PROBLEM STATEMENT:
In the copy of the lines below, leave out pictures and print everything else exactly.

======== RECORDS SUPPLIED ========

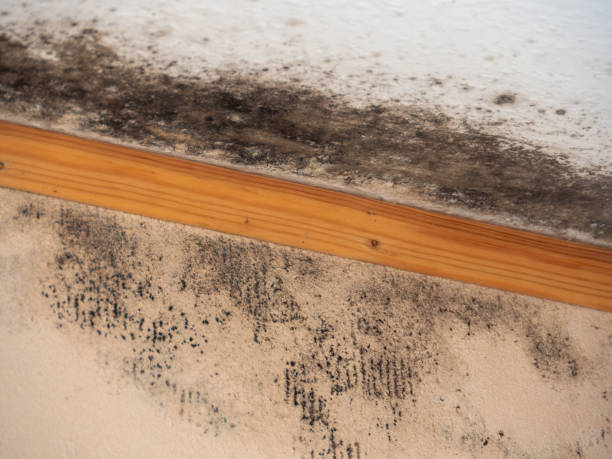Best Post-Construction Mold Inspection  in Detroit Beach, MI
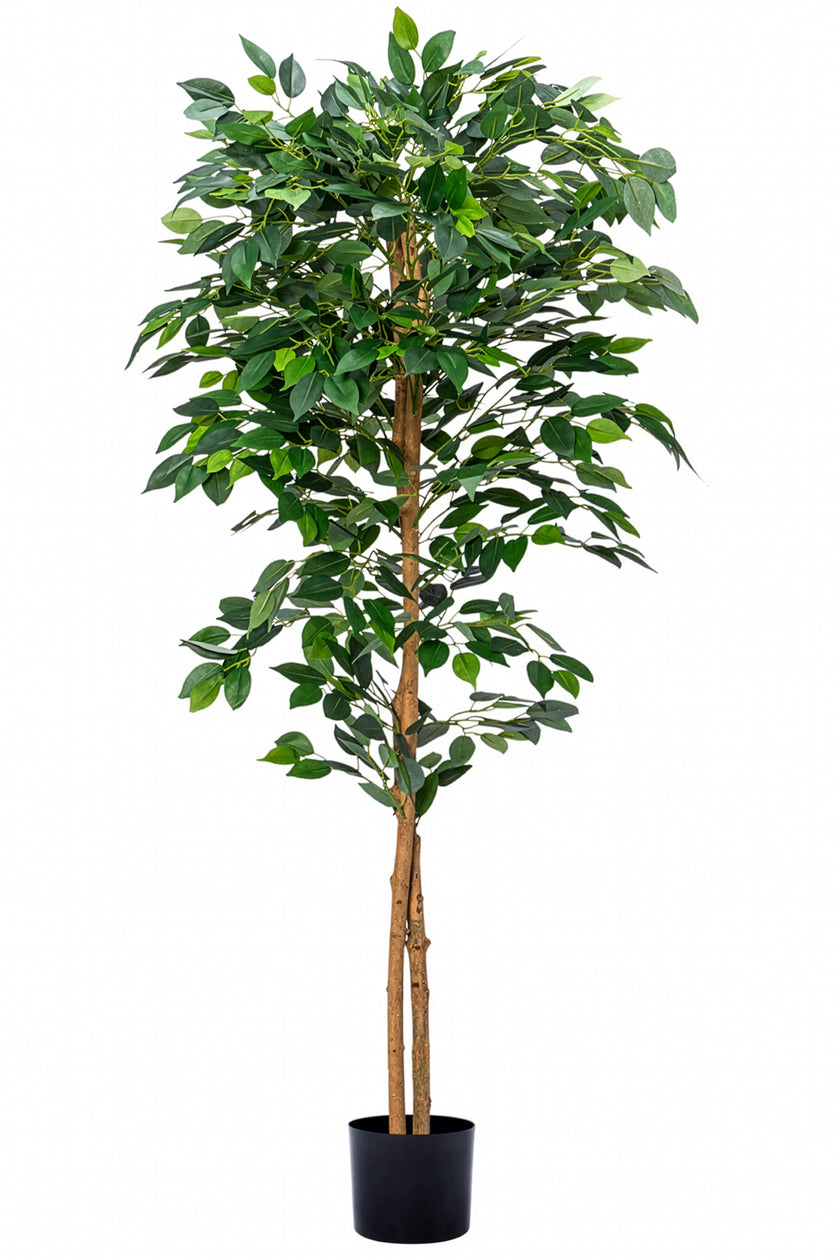 Ficus A: Kunst Ficusboom met Realistische Stam en Zijden Bladeren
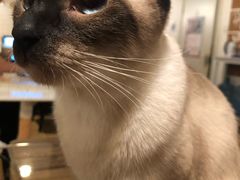 -Cappucimeow猫咪咖啡馆(韦伯时代店)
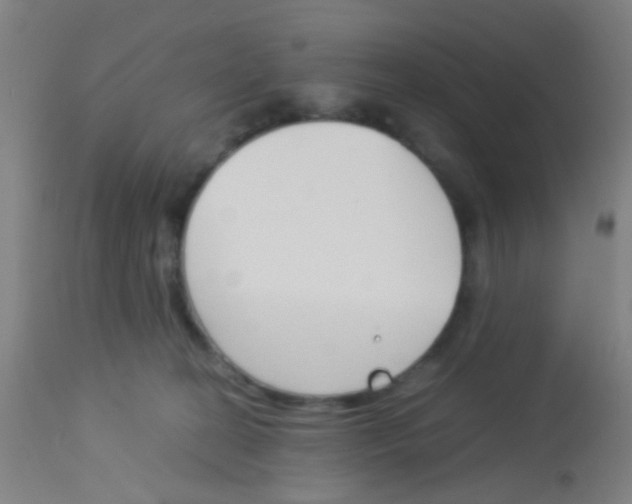 X0000113170274200910161315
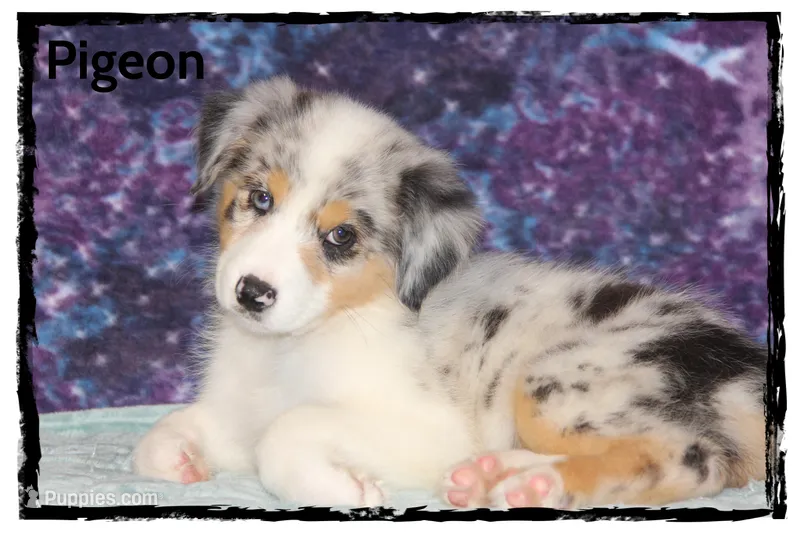 Pigeon – Australian Shepherd puppy for sale in Clarksville, OH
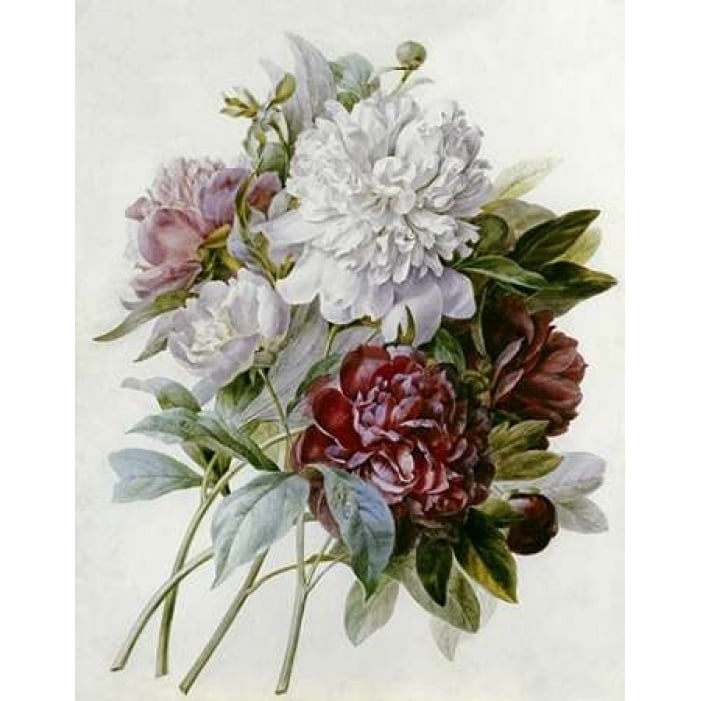 A Bouquet of Red Pink and White Peonies Poster Print by Pierre Joseph Redoute Image 1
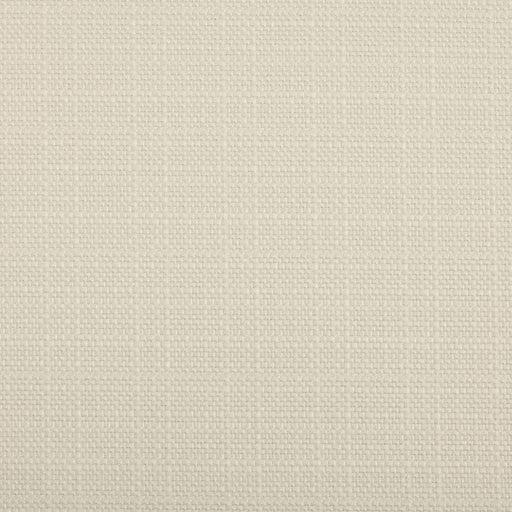 Jockey Club - CryptonÂ® - Salt - RM Coco - Fabric by the Yard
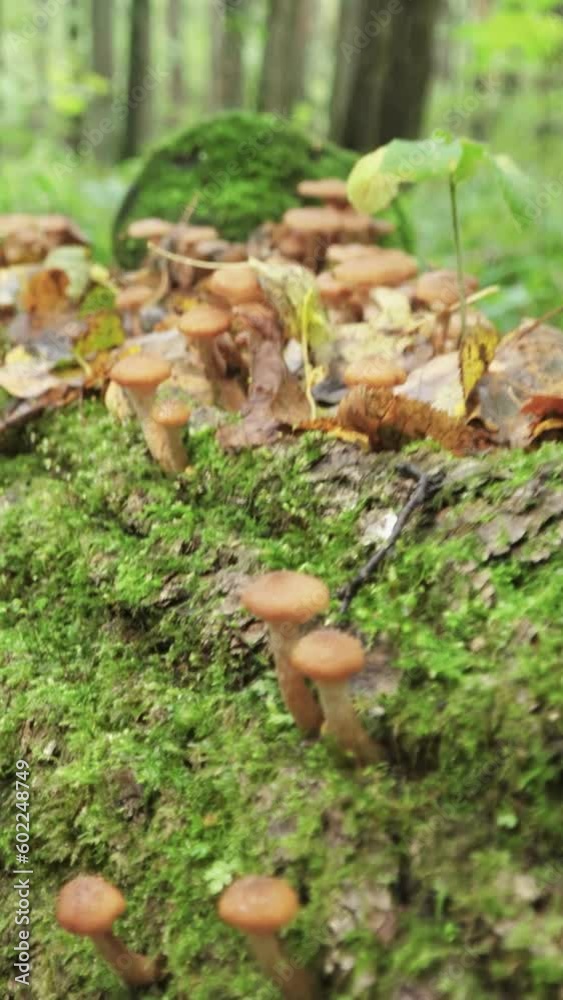 Honey mushrooms grow on a fallen tree. A huge number of mushrooms in the forest. Vertical video.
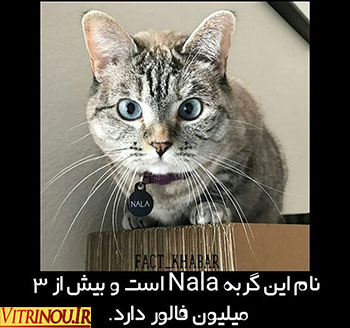 گربه نالا،نالا،گربه،NALA CAT،گربه ای بیش از3میلیون فالوور دارد رابشناسید،اخبارجالب،اخبارداغ فضای مجازی،همه چیزدرباره گربه نالا،اخبار فضای مجازی،گربه نالاعکس،عکس ازنالا،عکس ازگربه،اینستاگرام گربه نالا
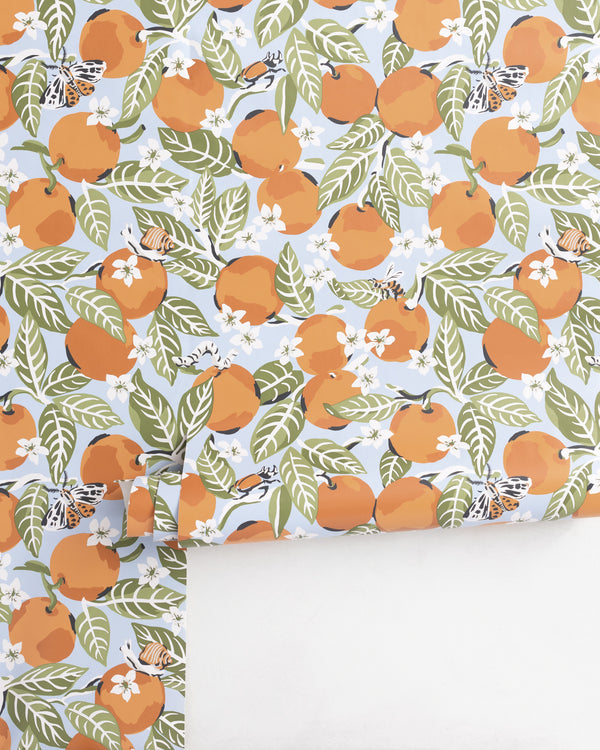 Orange Grove - Peel & Stick Wallpaper - Sky Blue - Printfresh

========

RESPONSE TO THE TASK:
Best Post-Construction Mold Inspection  in Detroit Beach, MI
 Ficus A: Kunst Ficusboom met Realistische Stam en Zijden Bladeren
 -Cappucimeow猫咪咖啡馆(韦伯时代店)
 X0000113170274200910161315
 Pigeon – Australian Shepherd puppy for sale in Clarksville, OH
 A Bouquet of Red Pink and White Peonies Poster Print by Pierre Joseph Redoute Image 1
 Jockey Club - CryptonÂ® - Salt - RM Coco - Fabric by the Yard
 Honey mushrooms grow on a fallen tree. A huge number of mushrooms in the forest. Vertical video.
 گربه نالا،نالا،گربه،NALA CAT،گربه ای بیش از3میلیون فالوور دارد رابشناسید،اخبارجالب،اخبارداغ فضای مجازی،همه چیزدرباره گربه نالا،اخبار فضای مجازی،گربه نالاعکس،عکس ازنالا،عکس ازگربه،اینستاگرام گربه نالا
 Orange Grove - Peel & Stick Wallpaper - Sky Blue - Printfresh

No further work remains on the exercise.